2013-08-23 Thread Greg Poirier
On Fri, Aug 23, 2013 at 9:53 AM, Gregory Farnum g...@inktank.com wrote:


 Okay. It's important to realize that because Ceph distributes data
 pseudorandomly, each OSD is going to end up with about the same amount
 of data going to it. If one of your drives is slower than the others,
 the fast ones can get backed up waiting on the slow one to acknowledge
 writes, so they end up impacting the cluster throughput a
 disproportionate amount. :(

 Anyway, I'm guessing you have 24 OSDs from your math earlier?
 47MB/s * 24 / 2 = 564MB/s
 41MB/s * 24 / 2 = 492MB/s


33 OSDs and 3 hosts in the cluster.


 So taking out or reducing the weight on the slow ones might improve
 things a little. But that's still quite a ways off from what you're
 seeing — there are a lot of things that could be impacting this but
 there's probably something fairly obvious with that much of a gap.
 What is the exact benchmark you're running? What do your nodes look like?


The write benchmark I am running is Fio with the following configuration:

  ioengine: libaio
  iodepth: 16
  runtime: 180
  numjobs: 16
  - name: 128k-500M-write
description: 128K block 500M write
bs: 128K
size: 500M
rw: write

Sorry for the weird yaml formatting but I'm copying it from the config file
of my automation stuff.

I run that on powers of 2 VMs up to 32. Each VM is qemu-kvm with a 50 GB
RBD-backed Cinder volume attached. They are 2 VCPU, 4 GB RAM VMs.

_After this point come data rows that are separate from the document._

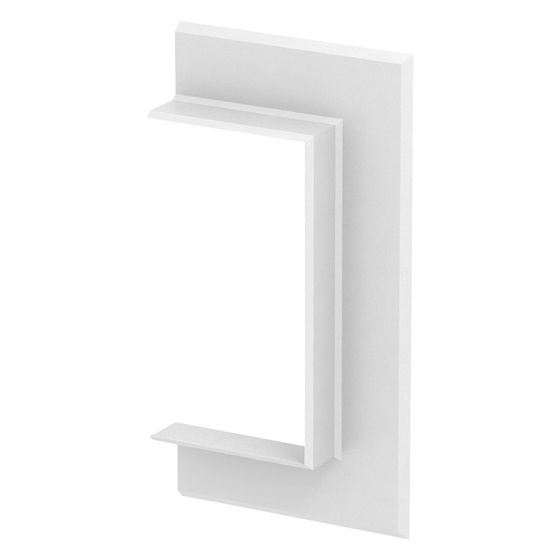 OBO Bettermann Wandabschlussblende G-KWAO70130RW, 198x104mm, Kunststoff, Reinweiß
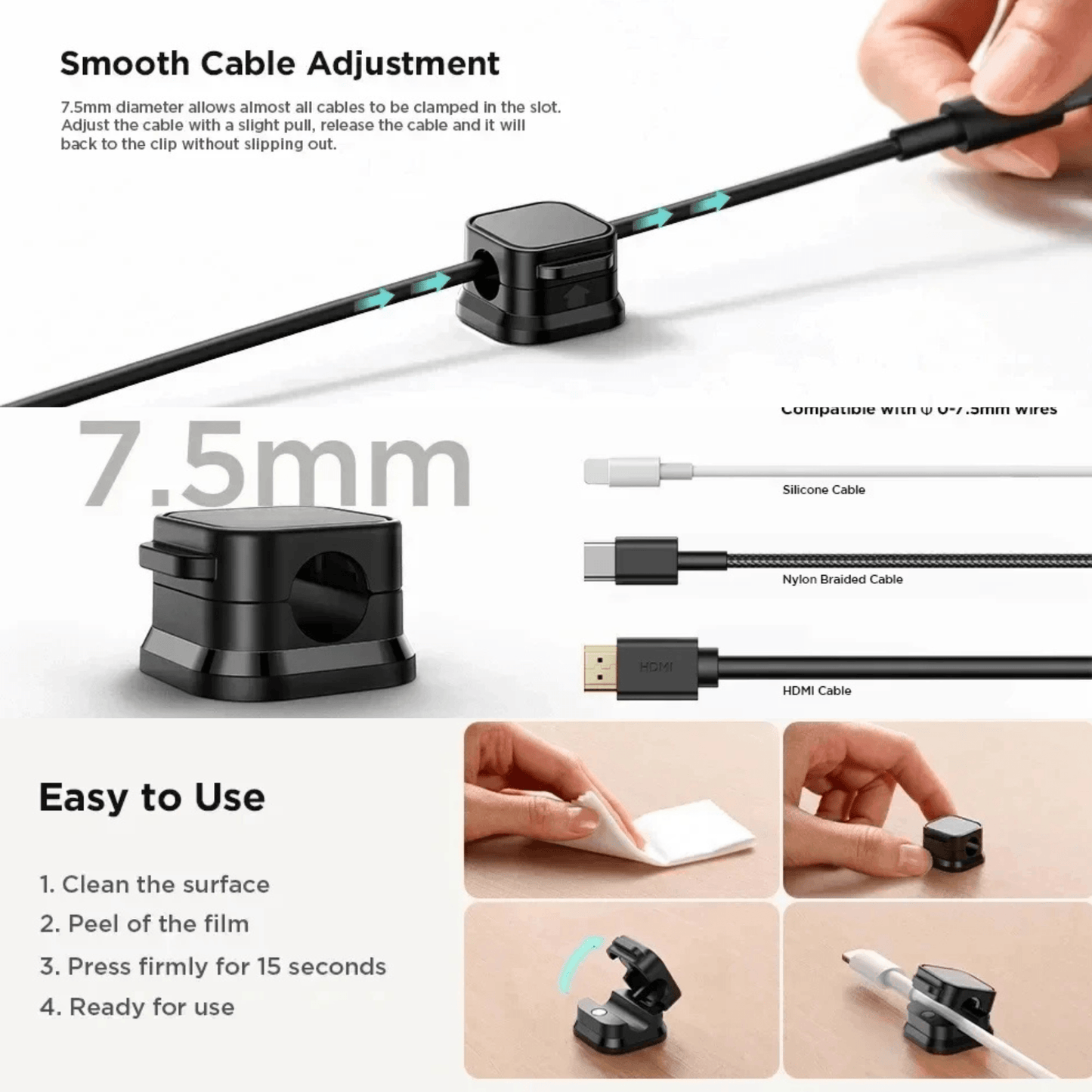 Magnetic Cable Organizer | Desk Cable Management | UTILCK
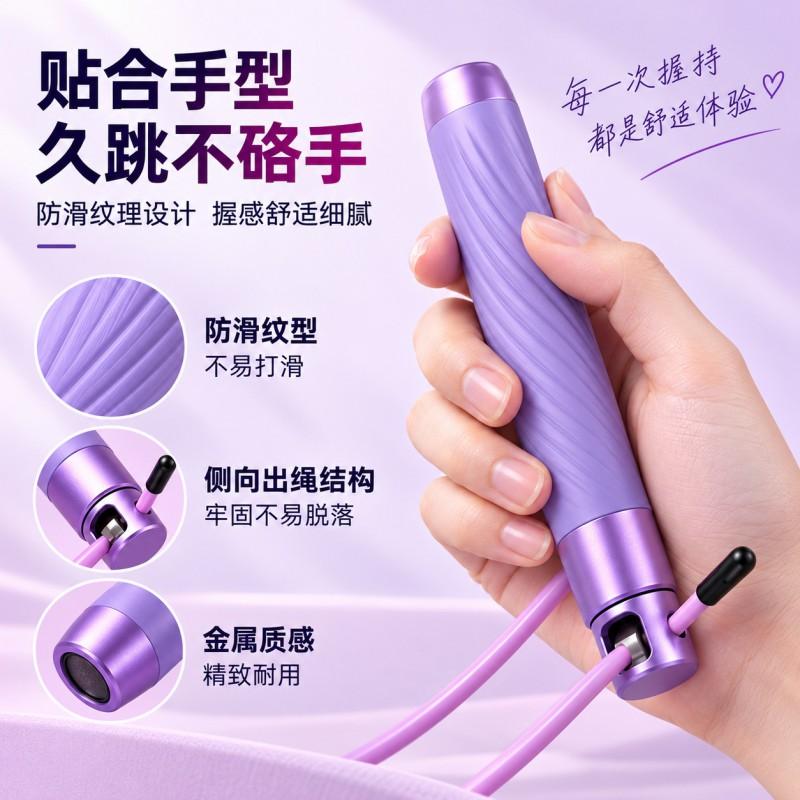 Adjustable Length Jump Rope With Soft Rubber Grip Adults Fitness Training School Sports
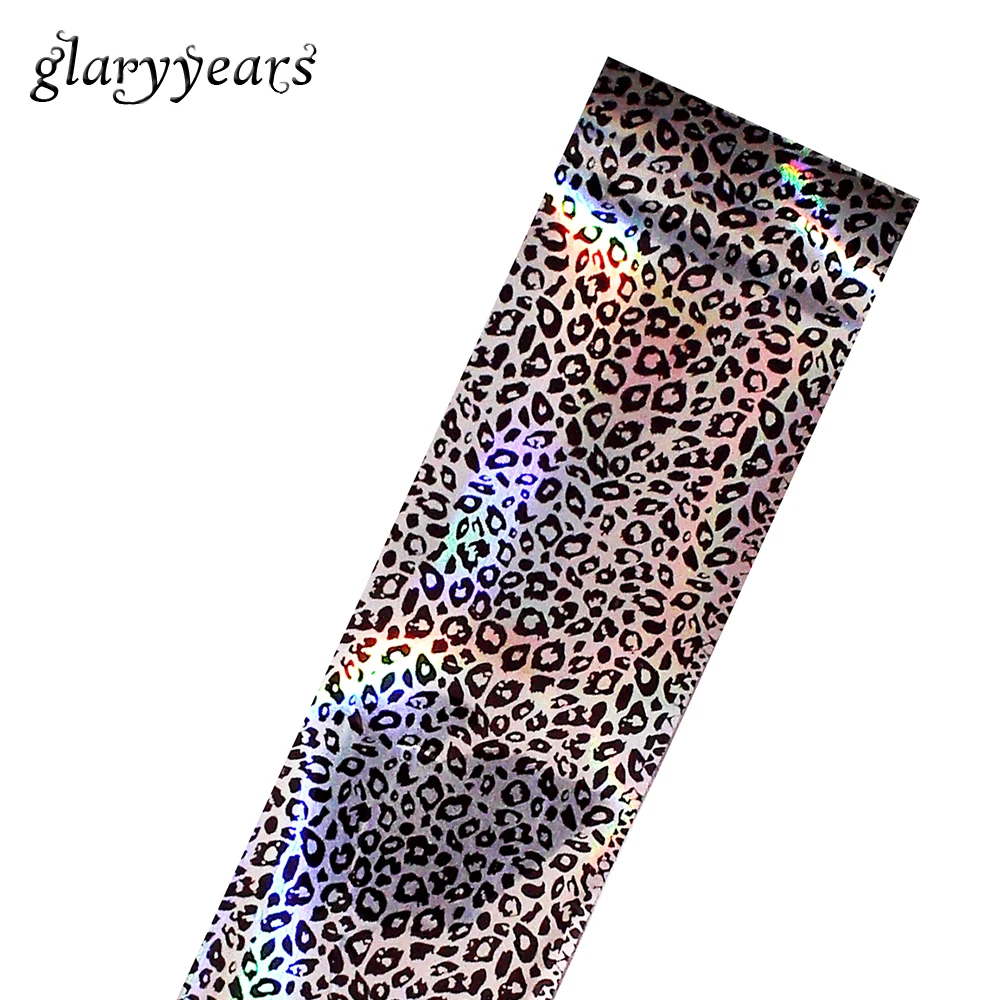 1 шт. переводная наклейка пленка из фольги для дизайна ногтей с леопардовым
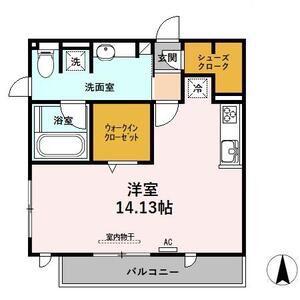 フェリーチェ(ワンルーム/3階)の間取り写真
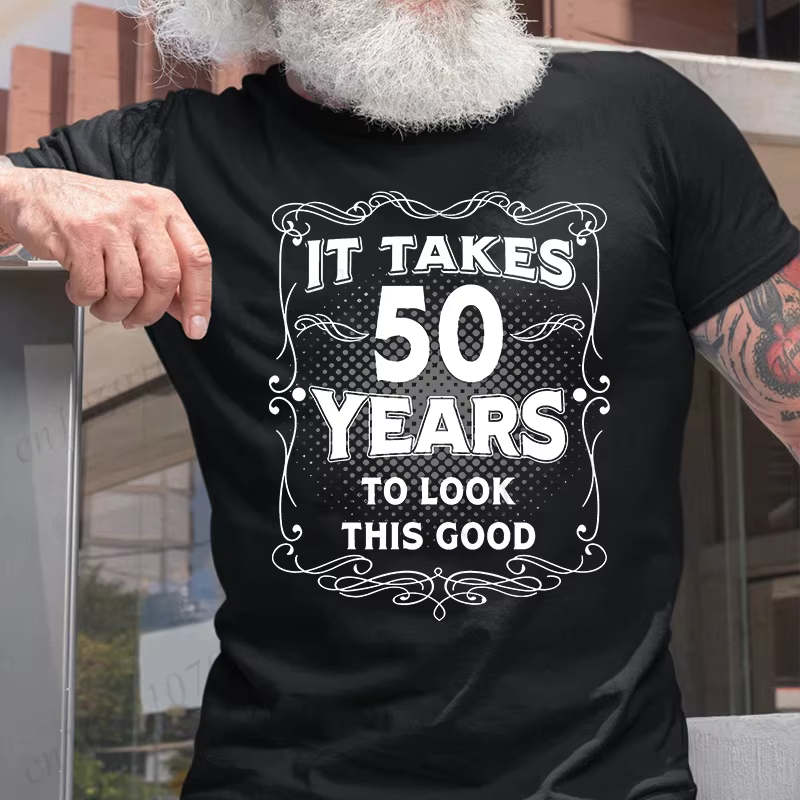 T-shirt drôle du 50e anniversaire pour hommes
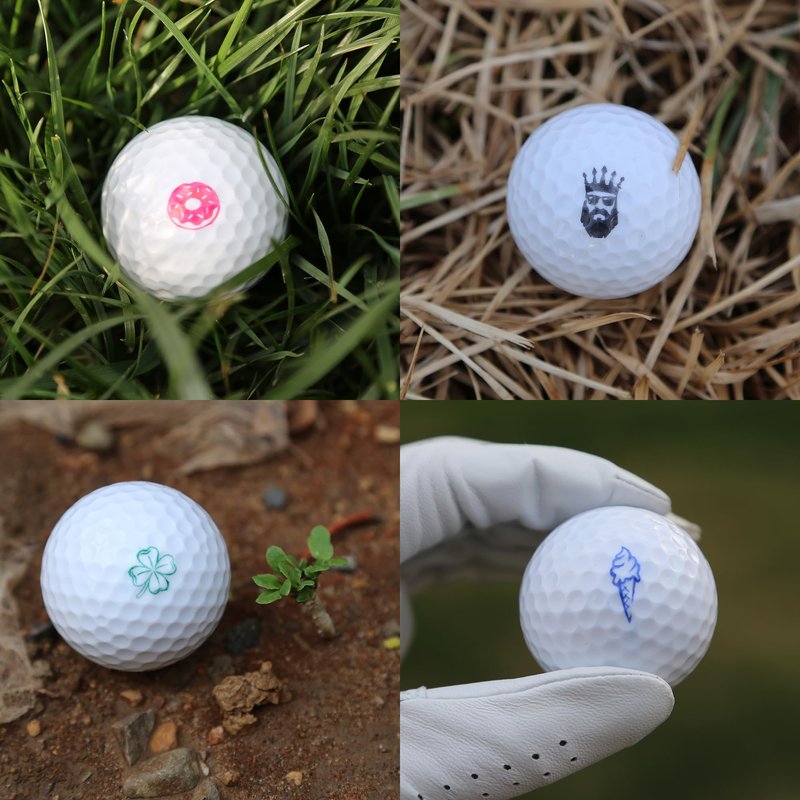 QUBI Golf Ball Stamp, Golf Ball Stamper, Self-Inking Golf Ball Stamp Marker to Identify Golf Balls, Golf Gift Golf Accessories for Men and Women Golfers (Rubber Duck)
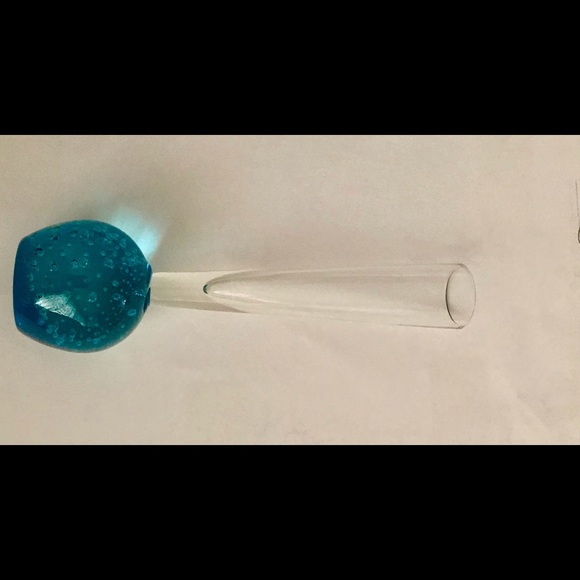 New Art Glass Bud Vase Handcrafted by Glass Artist - Picture 12 of 16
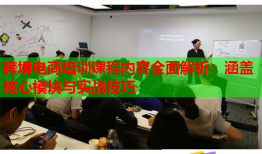 跨境电商培训课程内容全面解析：涵盖核心模块与实战技巧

The host machines are Dell C6220s, 16-core, hyperthreaded VMs, 128 GB RAM,
with bonded 10 Gbps NICs (mode 4, 20 Gbps throughput -- tested and verified
that's working correctly). There are 2 host machines with 16 VMs each.

The Ceph cluster is made up of Dell C6220s, same NIC setup, 256 GB RAM,
same CPU, 12 disks each (one for os, 11 for OSDs).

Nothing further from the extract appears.